Marking an OSD as out, tells Ceph that this OSD should not be part of the cluster anymore. This in turn will cause a rebalancing, as Ceph will recreate the data located on that OSD on other OSDs in the cluster.
This is only something that you want to do if you need to replace the OSD or want to destroy and recreate it.

Normally you don't need to do anything if you just restart a service (OSD, MON, MGR, MDS) as OSDs have redundancy, you might see a warning for a short time until the OSD is back up, but as long as there are copies on 2 other OSDs, restarting one OSD at a time is not a problem. The same goes for monitors as you should always have enough to form a majority (min 3. and usually 3 are enough). MGR and MDS work with fallbacks on the remaining nodes. So if you stop those, another node will take over and become active.

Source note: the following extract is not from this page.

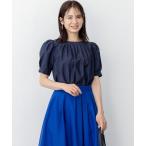 ブラウス シャツ ソフトローンパフスリーブ ブラウス レディース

If you plan a longer maintenance on a node where the node might be down for some time, and you want to avoid the rebalancing of data, you can set the "noout", "norecover", "norebalance" global OSD flags for that time. The "noout" should be enough, but the others are just to be on the safe side.
The default timeout is 10 minutes. If an OSD is not back up within that time, Ceph would automatically set it to out.

Once you are done, don't forget to disable these OSD flags again to give back the self-healing possibilities that Ceph has.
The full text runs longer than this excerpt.